WANN & WO: Das heißt, du bist auch danach weiterhin bei ihm geblieben?

Sarah: Ja, bis es vor drei Wochen zu einem erneuten Zwischenfall kam. Ich wollte seinen Aggressionen aus dem Weg gehen und schloss mich mit meinen Kindern im Schlafzimmer ein. Er trat sogar die Türe ein. Als ich mit der Polizei gedroht habe, ist er dann gegangen. Danach war einfach fertig!

WANN & WO: Wie hast du dich aus dieser Situation befreit?

Sarah: Mein Bruder sagte, dass es so nicht weitergehen kann und zu gefährlich ist. Er holte mich mit samt den Kindern ab und brachte mich nach Vorarlberg, wo ich momentan mit ihm, seiner Familie und meinen Kindern in einer Drei-Zimmer-Wohnung lebe.

WANN & WO: Hat zuvor nie jemand etwas davon mitbekommen? Die Eltern deines Mannes, Nachbarn, Freunde, …

Sarah: Mitbekommen haben es viele, doch die Hilfe blieb aus. Die einzigen, die sich eingemischt haben, waren seine Eltern. Diese haben versucht, dass wir zusammen bleiben, wollten, dass er eine Therapie macht. Allerdings sträubte er sich dagegen. Mit ihnen habe ich jetzt immer noch Kontakt. Auch die Polizei hat mich zum Glück immer ernst genommen.

WANN & WO: Bist du im Nachhinein froh, dass du gegangen bist? Oder sind noch Gefühle im Spiel?

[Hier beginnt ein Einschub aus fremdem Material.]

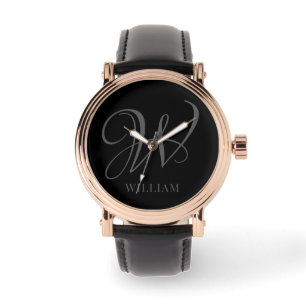Initial Personalised Elegant Black Grey Monogram  Watch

Sarah: Ich bin schweren Herzens gegangen. Man hängt an der Person, denn man hat wirklich alles versucht. Mein Bruder hat mir die Augen geöffnet, ich konnte mittlerweile einen Schlussstrich ziehen.

WANN & WO: Wie geht es dir in deiner jetzigen Situation?

Sarah: Einerseits bin ich erleichtert in Vorarlberg zu sein, andererseits ist noch kein Ende der Probleme in Sicht. Die Schule in Kassel drohte mit einer Anzeige, da die beiden Ältesten momentan nicht am Unterricht teilnehmen. Hier können sie nicht zur Schule gehen, da es noch nicht möglich war, den Hauptwohnsitz umzumelden. Eine Wohnung habe ich bis jetzt noch keine gefunden, da es mit vier Kindern und der finanziellen Abhängigkeit vom Amt sehr schwierig ist. In den Frauennot-, sowie Krisenwohnungen ist leider kein Platz. In der Wohnung meines Bruders kann ich mich nicht melden, da diese von der Vogewosi ist.

WANN & WO: Was wünscht du dir für die Zukunft?

Sarah: Ich freue mich auf einen Neuanfang, hoffe dass ich eine Wohnung finde, finanziell alles in den Griff bekomme, die Kinder wieder in die Schule gehen können und Freunde finden. Ich kann jeder Frau, die Opfer häuslicher Gewalt wird, nur raten, gleich nach dem ersten Vorfall zu gehen.